Rogers also received $460,000 from Nokia in the last two years, despite little public information existing about his affiliation with the Finnish tech company.
His campaign did not say what the Nokia payment was for, and representatives for the company did not respond to Business Insider’s request for comment.
And despite no longer hosting his radio show, Rogers continues to make big bucks from being a public figure. He disclosed earning $32,000 from the Washington Speakers Bureau, as well as $17,540 for a speech to Carnival Cruise Line.
In sum, Rogers appears to have multiplied his net worth, disclosing between $5.5 and $14.5 million in various other investments, mostly mutual funds, along with over $3 million in real estate, including the new Michigan home, his Cape Coral residence, and the home in McLean.
None of what Rogers has done in his years since Congress appears to be illegal — in fact, it’s the path that many former lawmakers take, with private companies eager to hire someone with subject-matter expertise, a high profile, and knowledge and connections in the halls of power.

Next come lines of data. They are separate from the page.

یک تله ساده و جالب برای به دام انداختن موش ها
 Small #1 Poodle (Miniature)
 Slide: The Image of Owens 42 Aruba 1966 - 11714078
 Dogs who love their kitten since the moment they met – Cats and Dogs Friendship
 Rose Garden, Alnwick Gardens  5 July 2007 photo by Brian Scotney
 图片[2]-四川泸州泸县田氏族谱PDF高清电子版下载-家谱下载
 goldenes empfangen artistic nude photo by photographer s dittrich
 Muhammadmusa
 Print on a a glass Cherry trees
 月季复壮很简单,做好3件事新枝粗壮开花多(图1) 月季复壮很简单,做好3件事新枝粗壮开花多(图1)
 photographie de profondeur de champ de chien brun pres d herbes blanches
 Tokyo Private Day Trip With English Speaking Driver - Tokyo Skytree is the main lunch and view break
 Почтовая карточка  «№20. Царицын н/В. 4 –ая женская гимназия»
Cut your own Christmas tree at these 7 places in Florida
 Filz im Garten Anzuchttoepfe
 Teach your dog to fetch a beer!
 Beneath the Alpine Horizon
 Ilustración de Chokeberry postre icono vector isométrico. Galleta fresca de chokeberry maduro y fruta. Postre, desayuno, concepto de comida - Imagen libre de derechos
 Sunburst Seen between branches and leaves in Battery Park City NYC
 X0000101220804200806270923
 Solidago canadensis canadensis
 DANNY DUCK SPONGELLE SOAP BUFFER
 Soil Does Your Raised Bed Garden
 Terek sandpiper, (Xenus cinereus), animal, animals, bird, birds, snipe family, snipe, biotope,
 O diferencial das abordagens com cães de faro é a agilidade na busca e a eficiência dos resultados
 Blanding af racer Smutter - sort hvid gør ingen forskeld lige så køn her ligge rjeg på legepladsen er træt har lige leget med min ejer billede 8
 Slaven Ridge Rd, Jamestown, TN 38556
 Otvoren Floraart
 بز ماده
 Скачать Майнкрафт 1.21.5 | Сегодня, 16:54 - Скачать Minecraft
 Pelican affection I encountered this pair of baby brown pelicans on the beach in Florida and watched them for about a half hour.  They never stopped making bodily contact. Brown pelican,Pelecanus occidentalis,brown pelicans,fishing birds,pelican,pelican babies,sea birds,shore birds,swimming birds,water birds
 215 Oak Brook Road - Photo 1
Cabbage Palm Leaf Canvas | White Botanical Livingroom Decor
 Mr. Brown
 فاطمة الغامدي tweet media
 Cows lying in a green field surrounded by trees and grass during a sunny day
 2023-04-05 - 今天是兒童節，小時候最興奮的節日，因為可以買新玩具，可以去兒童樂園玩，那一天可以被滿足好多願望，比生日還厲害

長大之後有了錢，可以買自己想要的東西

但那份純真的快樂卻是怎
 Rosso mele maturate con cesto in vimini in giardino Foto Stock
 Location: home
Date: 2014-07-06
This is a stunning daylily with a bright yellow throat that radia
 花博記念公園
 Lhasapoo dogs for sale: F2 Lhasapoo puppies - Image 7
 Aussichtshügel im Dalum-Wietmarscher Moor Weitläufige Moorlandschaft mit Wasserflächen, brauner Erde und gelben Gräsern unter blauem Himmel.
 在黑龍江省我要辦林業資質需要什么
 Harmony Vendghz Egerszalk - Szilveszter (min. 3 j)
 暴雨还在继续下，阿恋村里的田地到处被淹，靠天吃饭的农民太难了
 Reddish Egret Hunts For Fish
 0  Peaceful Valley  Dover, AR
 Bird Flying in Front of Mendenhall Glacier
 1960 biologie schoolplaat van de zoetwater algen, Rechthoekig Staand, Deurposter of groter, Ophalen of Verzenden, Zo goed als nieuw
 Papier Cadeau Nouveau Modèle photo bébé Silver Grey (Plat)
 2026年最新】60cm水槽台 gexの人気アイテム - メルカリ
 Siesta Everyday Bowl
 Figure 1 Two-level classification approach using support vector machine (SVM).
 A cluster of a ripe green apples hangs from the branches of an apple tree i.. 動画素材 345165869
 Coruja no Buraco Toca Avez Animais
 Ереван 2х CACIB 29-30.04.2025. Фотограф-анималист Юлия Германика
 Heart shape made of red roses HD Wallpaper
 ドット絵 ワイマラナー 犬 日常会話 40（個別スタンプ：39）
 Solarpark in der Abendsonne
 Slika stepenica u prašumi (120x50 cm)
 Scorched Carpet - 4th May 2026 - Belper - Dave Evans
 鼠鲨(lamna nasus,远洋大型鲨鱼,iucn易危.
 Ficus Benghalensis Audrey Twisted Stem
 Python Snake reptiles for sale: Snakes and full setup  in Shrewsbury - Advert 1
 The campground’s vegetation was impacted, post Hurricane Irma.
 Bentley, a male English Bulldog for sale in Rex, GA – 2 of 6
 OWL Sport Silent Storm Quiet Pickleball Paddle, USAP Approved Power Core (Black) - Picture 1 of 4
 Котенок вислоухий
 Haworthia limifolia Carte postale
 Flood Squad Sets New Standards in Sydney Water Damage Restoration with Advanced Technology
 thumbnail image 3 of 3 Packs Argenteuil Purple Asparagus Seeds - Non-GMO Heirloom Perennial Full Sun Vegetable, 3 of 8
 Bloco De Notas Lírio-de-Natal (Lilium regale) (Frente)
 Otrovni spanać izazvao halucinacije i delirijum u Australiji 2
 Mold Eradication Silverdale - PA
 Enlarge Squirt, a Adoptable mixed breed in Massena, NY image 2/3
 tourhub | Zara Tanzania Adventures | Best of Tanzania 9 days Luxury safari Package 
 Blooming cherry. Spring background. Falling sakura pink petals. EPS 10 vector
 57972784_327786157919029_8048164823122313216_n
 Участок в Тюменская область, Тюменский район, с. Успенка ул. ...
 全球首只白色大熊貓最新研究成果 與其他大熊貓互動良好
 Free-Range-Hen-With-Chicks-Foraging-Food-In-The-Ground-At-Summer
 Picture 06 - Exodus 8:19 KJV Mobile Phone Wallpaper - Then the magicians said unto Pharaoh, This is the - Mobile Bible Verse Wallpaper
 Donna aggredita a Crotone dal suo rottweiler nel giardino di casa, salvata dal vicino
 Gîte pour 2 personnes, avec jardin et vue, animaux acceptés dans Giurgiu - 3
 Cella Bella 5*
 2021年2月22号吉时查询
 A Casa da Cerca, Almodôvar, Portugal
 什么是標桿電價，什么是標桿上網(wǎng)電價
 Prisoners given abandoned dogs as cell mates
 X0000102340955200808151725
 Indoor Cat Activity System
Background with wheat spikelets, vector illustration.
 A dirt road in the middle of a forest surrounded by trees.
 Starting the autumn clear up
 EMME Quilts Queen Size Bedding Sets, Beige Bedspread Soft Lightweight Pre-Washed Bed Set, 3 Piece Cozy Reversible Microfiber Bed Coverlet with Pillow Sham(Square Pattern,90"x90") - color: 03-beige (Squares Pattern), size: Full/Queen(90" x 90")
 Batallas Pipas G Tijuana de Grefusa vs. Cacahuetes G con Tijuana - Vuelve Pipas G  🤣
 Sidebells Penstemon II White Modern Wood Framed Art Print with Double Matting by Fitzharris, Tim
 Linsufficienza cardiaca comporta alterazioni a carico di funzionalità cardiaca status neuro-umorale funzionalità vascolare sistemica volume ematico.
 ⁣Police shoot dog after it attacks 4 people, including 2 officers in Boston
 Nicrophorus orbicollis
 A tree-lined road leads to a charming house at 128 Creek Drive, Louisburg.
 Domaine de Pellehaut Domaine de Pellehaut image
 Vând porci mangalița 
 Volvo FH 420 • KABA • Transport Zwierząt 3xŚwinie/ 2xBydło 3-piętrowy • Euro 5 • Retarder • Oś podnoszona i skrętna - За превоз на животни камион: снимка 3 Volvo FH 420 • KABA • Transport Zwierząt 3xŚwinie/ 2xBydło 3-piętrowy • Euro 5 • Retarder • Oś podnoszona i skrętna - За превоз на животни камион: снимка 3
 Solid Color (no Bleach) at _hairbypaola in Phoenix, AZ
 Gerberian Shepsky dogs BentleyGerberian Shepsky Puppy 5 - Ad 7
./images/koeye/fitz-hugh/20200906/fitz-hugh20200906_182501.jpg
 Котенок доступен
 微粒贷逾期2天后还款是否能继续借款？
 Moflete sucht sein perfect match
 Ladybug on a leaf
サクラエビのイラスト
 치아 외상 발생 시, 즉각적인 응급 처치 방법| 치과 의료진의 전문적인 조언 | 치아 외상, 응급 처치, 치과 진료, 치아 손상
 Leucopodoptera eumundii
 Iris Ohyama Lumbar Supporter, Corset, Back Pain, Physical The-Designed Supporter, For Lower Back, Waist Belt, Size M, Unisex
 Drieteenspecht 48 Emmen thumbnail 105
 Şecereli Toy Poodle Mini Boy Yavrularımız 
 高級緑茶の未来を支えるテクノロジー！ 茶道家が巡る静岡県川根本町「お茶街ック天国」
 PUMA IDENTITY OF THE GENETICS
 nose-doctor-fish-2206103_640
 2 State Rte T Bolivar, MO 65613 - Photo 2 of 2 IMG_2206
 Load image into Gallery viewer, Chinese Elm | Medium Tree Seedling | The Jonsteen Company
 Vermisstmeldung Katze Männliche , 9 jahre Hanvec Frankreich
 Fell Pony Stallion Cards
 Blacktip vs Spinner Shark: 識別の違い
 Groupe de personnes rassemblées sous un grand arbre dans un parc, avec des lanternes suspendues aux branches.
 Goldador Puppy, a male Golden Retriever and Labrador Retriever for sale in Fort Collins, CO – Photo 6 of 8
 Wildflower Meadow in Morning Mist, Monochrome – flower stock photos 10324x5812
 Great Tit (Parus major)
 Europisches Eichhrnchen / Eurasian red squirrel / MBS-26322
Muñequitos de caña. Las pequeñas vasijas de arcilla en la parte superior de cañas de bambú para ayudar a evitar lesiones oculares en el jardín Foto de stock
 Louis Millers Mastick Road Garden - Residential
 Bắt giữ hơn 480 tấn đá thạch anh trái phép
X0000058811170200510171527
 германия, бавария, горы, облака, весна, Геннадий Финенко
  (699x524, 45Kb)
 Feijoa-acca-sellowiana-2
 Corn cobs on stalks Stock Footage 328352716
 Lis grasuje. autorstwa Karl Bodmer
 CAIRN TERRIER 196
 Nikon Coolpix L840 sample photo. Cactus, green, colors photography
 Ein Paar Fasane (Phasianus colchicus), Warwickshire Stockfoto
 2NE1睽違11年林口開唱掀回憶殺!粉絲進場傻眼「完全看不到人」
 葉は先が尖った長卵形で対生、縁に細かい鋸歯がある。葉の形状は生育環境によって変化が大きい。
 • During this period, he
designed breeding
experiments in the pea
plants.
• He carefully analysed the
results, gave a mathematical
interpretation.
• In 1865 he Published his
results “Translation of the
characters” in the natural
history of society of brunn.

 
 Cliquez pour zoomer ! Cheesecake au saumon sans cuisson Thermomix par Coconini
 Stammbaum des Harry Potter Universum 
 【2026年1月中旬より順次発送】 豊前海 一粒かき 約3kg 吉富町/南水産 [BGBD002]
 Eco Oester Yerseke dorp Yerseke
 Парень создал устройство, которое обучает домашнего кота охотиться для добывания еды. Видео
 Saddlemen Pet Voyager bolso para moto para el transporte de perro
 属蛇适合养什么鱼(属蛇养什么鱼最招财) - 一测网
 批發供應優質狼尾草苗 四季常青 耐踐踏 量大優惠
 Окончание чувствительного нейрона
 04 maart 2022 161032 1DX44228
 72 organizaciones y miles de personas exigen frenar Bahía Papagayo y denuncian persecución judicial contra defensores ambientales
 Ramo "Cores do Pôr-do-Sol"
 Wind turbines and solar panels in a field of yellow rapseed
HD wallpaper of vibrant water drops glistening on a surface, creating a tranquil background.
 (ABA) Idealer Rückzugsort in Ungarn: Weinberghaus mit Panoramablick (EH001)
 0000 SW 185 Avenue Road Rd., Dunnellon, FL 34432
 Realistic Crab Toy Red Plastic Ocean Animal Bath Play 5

What makes Rogers’ case interesting is the fact that he’s required to lay it all out in the open via financial disclosures bookending his time in the private sector. All Senate and House members and candidates are required to do so, and separately, other candidates in the race are facing ethics complaints for missing or incomplete disclosures.
But it’s relatively uncommon for politicians to run for office again once they’ve become ensconced in the ritzy life that awaits them after their service, and when they do, it’s often controversial.
Just ask Hillary Clinton about the paid speeches she gave between her time as Secretary of State and her 2016 presidential bid.